Madison will donate all proceeds from the first show to the mental health organization Same Here, and from the second show to Beneath the Skin. The shows are inclusive, Madison told the Rag. While they were created to bring people who are alone together, anyone is welcome to attend with a friend. “You do not need to be single or struggling to come to the show. It’s just a great way to get out, be social and have a good laugh.” She pointed out one frequent attendee is a married woman whose husband often travels. The A-lone Comedy Show will feature a line-up of six comedians, and performances are not about loneliness (although one comedian will address mental health issues.)
Stephanie Goldklang, a comedian in the line-up, and a single Upper West Sider, says the idea for a show where people are encouraged to attend alone immediately resonated with her. “This is a topic I am really passionate about, especially being a single New Yorker.” Goldklang says that stand-up comedy is also often marketed as a date-night activity, or something to attend with friends, because it is a great way to connect with others.
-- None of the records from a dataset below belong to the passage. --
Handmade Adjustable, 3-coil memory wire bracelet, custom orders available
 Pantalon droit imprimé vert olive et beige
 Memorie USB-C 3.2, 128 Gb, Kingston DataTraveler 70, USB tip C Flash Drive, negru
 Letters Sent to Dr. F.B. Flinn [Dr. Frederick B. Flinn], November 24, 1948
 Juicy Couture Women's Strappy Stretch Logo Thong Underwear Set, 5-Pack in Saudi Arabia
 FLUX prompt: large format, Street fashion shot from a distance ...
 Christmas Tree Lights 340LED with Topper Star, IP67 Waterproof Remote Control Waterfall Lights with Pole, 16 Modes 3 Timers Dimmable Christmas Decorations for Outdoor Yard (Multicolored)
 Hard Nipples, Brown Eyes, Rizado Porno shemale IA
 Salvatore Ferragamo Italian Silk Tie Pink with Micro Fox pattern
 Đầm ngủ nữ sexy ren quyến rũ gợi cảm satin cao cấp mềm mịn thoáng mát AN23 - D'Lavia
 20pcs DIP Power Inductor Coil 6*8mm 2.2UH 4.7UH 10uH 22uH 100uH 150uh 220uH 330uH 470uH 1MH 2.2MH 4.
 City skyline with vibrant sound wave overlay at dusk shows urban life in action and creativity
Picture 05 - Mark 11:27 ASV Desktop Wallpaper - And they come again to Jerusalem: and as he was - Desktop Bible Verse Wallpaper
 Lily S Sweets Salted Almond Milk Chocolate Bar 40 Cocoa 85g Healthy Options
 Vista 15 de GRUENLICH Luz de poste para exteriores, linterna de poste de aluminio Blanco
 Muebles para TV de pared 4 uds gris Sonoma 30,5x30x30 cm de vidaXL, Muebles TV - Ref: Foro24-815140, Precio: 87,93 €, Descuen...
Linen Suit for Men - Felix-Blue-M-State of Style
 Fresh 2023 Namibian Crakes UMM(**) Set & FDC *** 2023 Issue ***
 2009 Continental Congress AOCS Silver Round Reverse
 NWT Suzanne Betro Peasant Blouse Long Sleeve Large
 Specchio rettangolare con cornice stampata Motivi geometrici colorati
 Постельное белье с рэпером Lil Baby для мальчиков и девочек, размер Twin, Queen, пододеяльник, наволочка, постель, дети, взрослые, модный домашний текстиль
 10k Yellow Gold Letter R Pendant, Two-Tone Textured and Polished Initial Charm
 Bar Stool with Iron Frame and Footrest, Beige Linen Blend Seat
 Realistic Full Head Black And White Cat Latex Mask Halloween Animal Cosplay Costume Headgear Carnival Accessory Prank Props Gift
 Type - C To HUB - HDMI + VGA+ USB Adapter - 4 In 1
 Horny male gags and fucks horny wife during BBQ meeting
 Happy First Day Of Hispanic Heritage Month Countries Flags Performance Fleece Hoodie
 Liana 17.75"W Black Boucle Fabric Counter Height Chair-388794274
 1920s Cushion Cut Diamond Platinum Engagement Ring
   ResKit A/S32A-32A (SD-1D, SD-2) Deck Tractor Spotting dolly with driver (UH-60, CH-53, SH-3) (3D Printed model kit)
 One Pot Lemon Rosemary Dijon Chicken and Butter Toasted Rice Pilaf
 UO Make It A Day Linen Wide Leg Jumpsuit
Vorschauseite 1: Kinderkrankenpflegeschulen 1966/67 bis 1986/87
“When you hear someone laughing next to you, you begin laughing together and there is a connection. We are never alone when we smile at someone and laugh together.” Goldklang hopes people will show up early and stay late after the show to socialize. There will be an opportunity for those who arrive early to mingle at the bar at Playa Betty’s.
“Once you are at a comedy show you automatically become part of a community brought together by laughter,” Madison said. “Laughter really is the cure to loneliness. There is a common feeling of camaraderie, that we are all in it together.”
You can purchase tickets for the October 30th show here and for the November 8th show here.
This sounds great.
The other night I decided to have a drink and some dinner at a local bar. Purposely decided to put the phone down. Every other solo diner at the bar was glued to the phone. Sigh.
It’s even worse to be in a group of people and everyone else is on their phone checking and responding to texts and emails in the middle of a conversation. I hadn’t been out to dinner in a long time and I was shocked when this happened (even after the food was served). : (
The show sounds like a well-meaning effort to welcome single people to an activity usually geared to couples. That’s nice. But the Times article and the study it quotes fail to distinguish between solitude and loneliness. For people who enjoy their own company and live comfortably with themselves and perhaps a small circle of intimates, the idea of laughing elbow to elbow with a bunch of strangers can be the definition of hell. Best wishes to Madison and her enterprise, but let’s not assume that all single people are lonely and in dire need of socializing.
I don’t understand how watching, listening to and paying a rather heft amount for various comedy sketches for maybe 2 hours is going to contribute much to greeting/ meeting/networking. I say that based on having attended comedy shows at several comedy places, including the one mentioned, over many years in NYC. I don’t recall talking with show attendees other than the persons who attended the shows with me.